WHAT IS NEEDED: Would you print every entry below exactly as written, omitting the images?

DATA SUPPLIED:

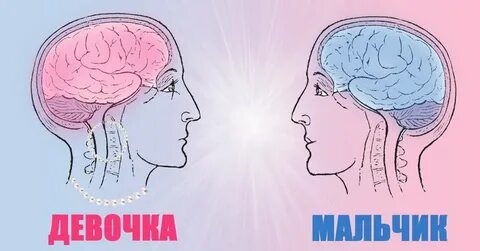 Поли мозга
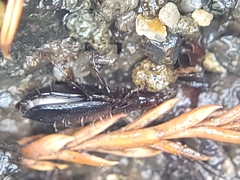 Platyninae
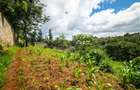 0.5 ac Land at Kinanda Close - 3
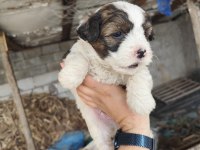 Maltese terrier yavrular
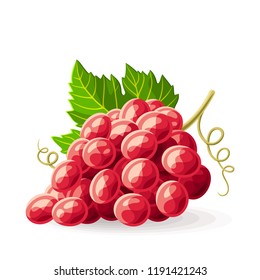 Red grape with a leaf on white. Vector illustration. No gradients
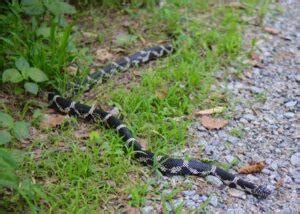 Eastern Kingsnake Facts, Description, Diet, and Images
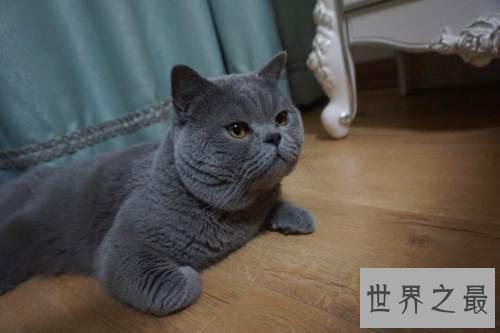 【图】英国短毛猫好养吗 英短猫和美短猫的区别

WRITTEN RESPONSE:
 Поли мозга
 Platyninae
 0.5 ac Land at Kinanda Close - 3
 Maltese terrier yavrular
 Red grape with a leaf on white. Vector illustration. No gradients
 Eastern Kingsnake Facts, Description, Diet, and Images
 【图】英国短毛猫好养吗 英短猫和美短猫的区别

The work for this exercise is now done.